Conformal mapping circle onto square (and back)

Question

I'm programming an implementation of the Peirce quincuncial map projection. The projection involves a stereographic projection of a hemisphere of the globe onto a circle (I've got that part), then mapping points on that circle onto a square with a conformal mapping.

Wikipedia describes the relationship between a point $(p, \theta)$ on the circle and a point $(x, y)$ on the square as

$$\tan \left( \frac{p}{2} \right) e^{i \theta} = \mathrm{cn} \left( z, \frac{1}{2} \right), \text{ where } z = x + i y.$$

I don't understand the notation $\mathrm{cn} \left( z, \frac{1}{2} \right)$. Can it be written using algebraic and trigonometric functions?

That is, can you rewrite the above like this?
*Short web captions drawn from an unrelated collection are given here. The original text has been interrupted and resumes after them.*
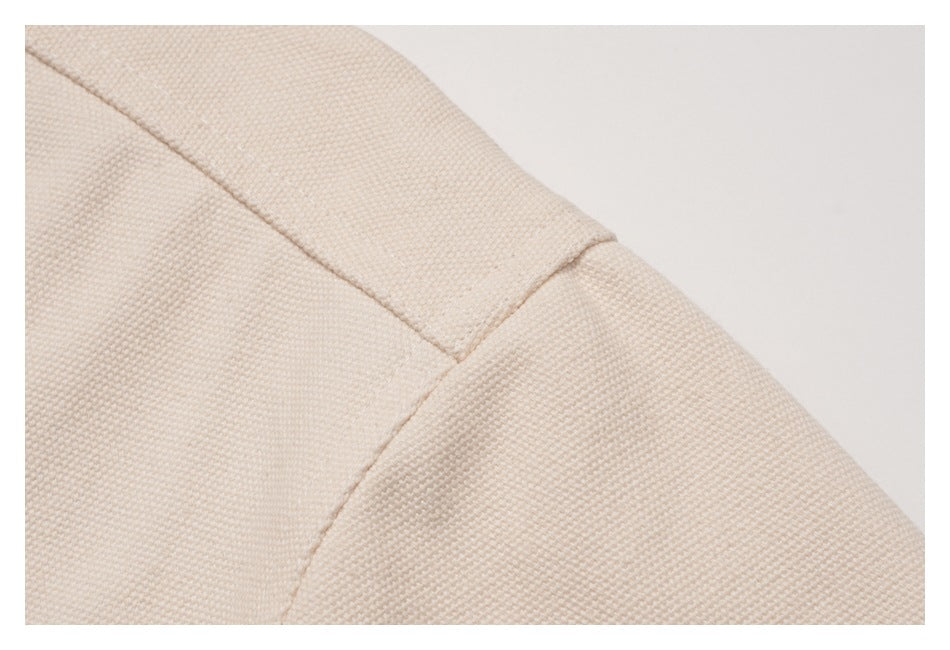 Close-up of the shoulder seam on a beige jacket.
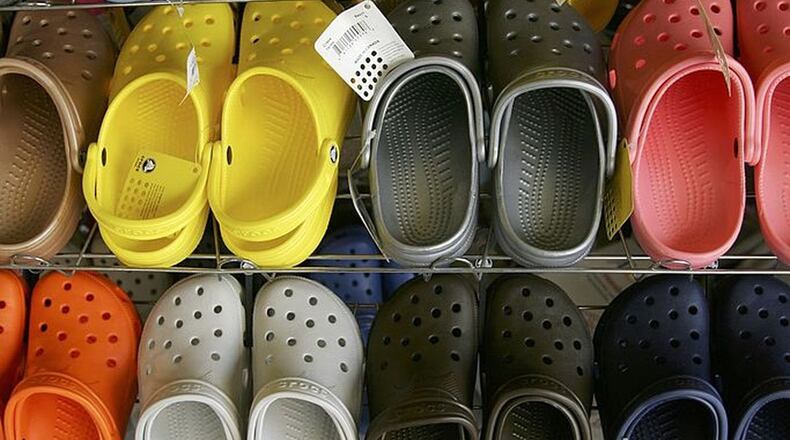FILE PHOTO: The company is giving away 10,000 pairs a day through an online registration. The waterproof, easily cleanable, rubber-like clog is popular with health care workers.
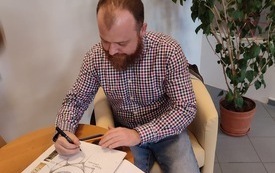 Wojciech Chmielarz podpisuje kronikę biblioteczną. 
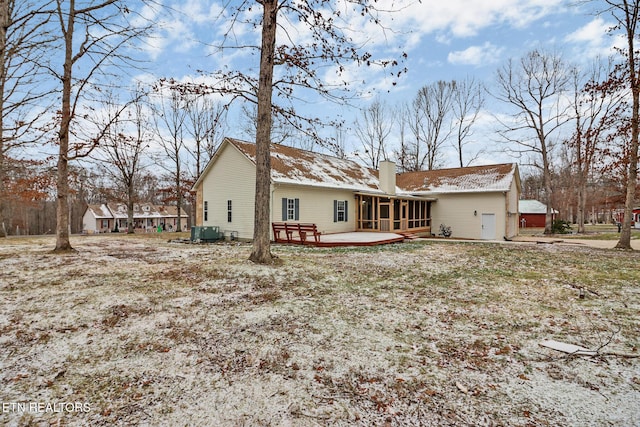 rear view of house featuring a wooden deck, a sunroom, and cooling unit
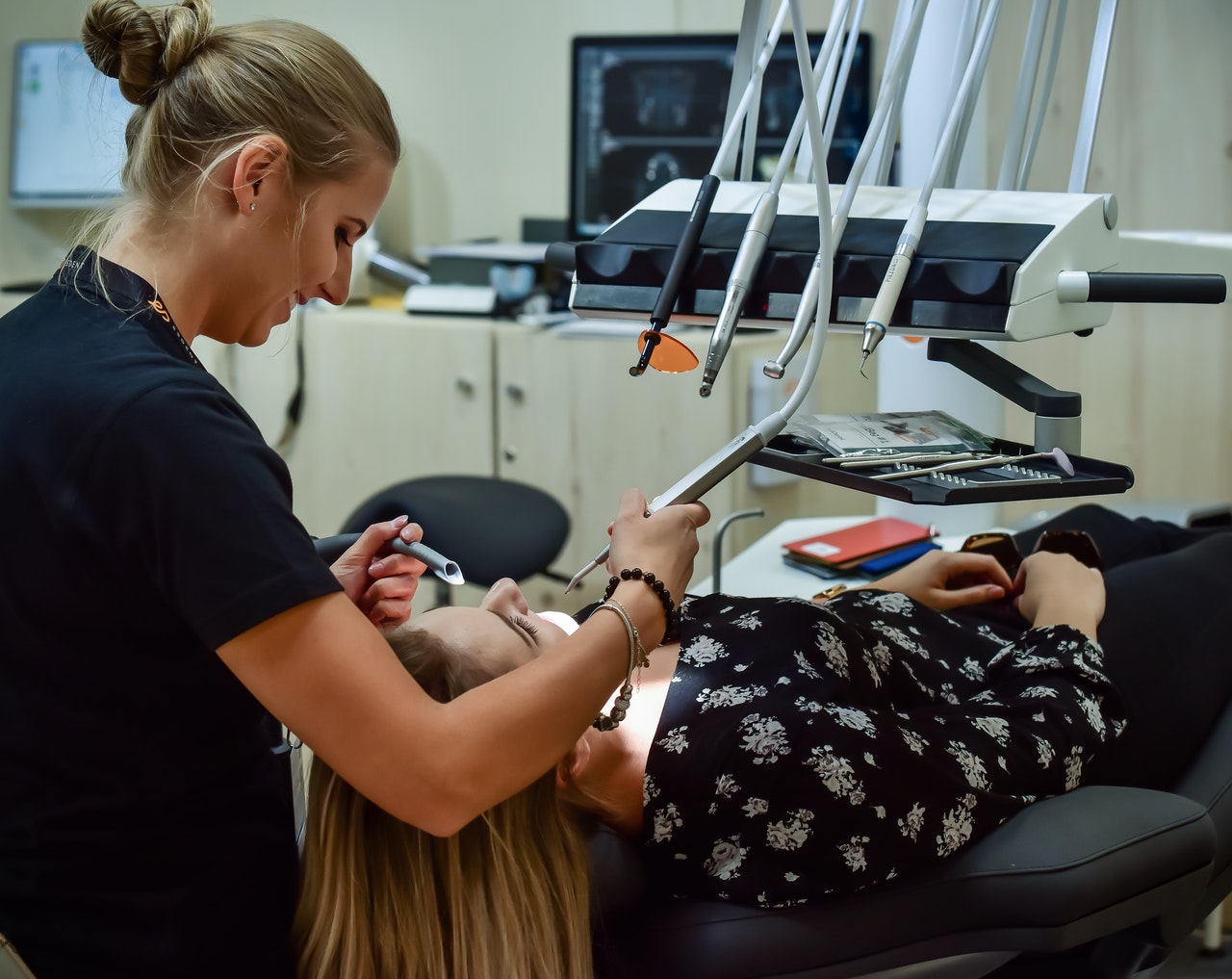 A dentist and a woman wearing a floral top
$\tan \left( \frac{p}{2} \right) \cos\theta = $ something in terms of $x$ and $y$

$\tan \left( \frac{p}{2} \right) \sin\theta = $ something in terms of $x$ and $y$

Thanks.

Answer 1

I've found this implementation to work, using the scipy package in python. The implementation is actually just the 'peirce_map' function at the bottom; the rest of it is to obtain a cn() function that works on complex numbers.

import numpy
from scipy.special import ellipj, ellipk

#
# The scipy implementation of ellipj only works on reals;
# this gives cn(z,k) for complex z. 
# It works with array or scalar input.
#
def cplx_cn( z, k):
    z = numpy.asarray(z)
    if z.dtype != complex:
        return ellipj(z,k)[1]

    # note, 'dn' result of ellipj is buggy, as of Mar 2015
    # see https://github.com/scipy/scipy/issues/3904
    ss,cc = ellipj( z.real, k )[:2]
    dd = numpy.sqrt(1-k*ss**2)   # make our own dn
    s1,c1 = ellipj( z.imag, 1-k )[:2]
    d1 = numpy.sqrt(1-k*s1**2)

    # UPDATE: scipy bug seems to have been fixed mid 2016, so 
    # four lines above could be done as these two, if you have that.
    #   ss,cc,dd = ellipj( z.real, k )
    #   s1,c1,d1 = ellipj( z.imag, 1-k )

    ds1 = dd*s1
    den = (1-ds1**2)
    rx = cc*c1/den
    ry = ss*ds1*d1/den
    return rx - 1j*ry
#
# Kval is the first solution to cn(x,1/2) = 0
# This is K(k) (where 4*K(k) is the period of the function).
Kval = ellipk(0.5) # 1.8540746773013719

#######################################################
# map a complex point in unit square to unit circle
# The following points are the corners of the square (and map to themselves):
#     1    -1     j    -j
#  The origin also maps to itself.
# Points which are in : abs( re(z)) <=1, abs(im(z)) <=1, but outside the square, will map to
# points outside the unit circle, but are still consistent with mapping a full-sphere
# peirce projection to a full-sphere stereographic projection; however that means that
# the corners 1+j, 1-j, -1+j -1-j all map to the 'south pole' at infinity. You will get
# a divide-by-zero, or near to it, at or near those points.
# It works with array or scalar input.
#
def peirce_map( z ):
    return cplx_cn( Kval*(1-z), 0.5 )

Answer 2

The $\mathrm{cn}$ function is a Jacobi elliptic function of $z=x+iy$; to get $z$, you require the corresponding inverse Jacobi elliptic function. By analogy with trig functions, these go by $\mathrm{arccn}$, $\mathrm{arcsn}$, etc. For your case, we have $$ z = \mathrm{arccn}\left(\tan\left(\frac{p}{2}\right)e^{i\theta},\frac{1}{2}\right) $$

The inverse Jacobi elliptic function $\mathrm{arccn}$ has an expression in terms of an elliptic integral. In general, it is given by

$$ \mathrm{arccn}\left(a,k\right) = \int_{a}^1 \frac{1}{\sqrt{(1-t^2)(k'^2+k^2t^2)}} dt, $$

where $k' = \sqrt{1-k^2}$ (see here). In your case, $k=1/2$ and so $k'=\sqrt{3}/2$, and $a=\tan\left(\frac{p}{2}\right)e^{i\theta}$. So,

$$ z = \int_{\tan\left(\frac{p}{2}\right)e^{i\theta}}^1 \frac{1}{\sqrt{(1-t^2)\left(\frac{3}{4}+\frac{1}{4}t^2\right)}} dt $$

So, for a given $p$ and $\theta$, you have to crunch that integral numerically. Or, you maybe be able to find a good elliptical integral package that does this for you, for complex arguments. The real part would be your $x$, and the imaginary part your $y$. As a final note, I'm not sure about the value $k=1/2$ from the Wikipedia article; this article seems to use the value of $k=k'=\frac{1}{\sqrt{2}}$.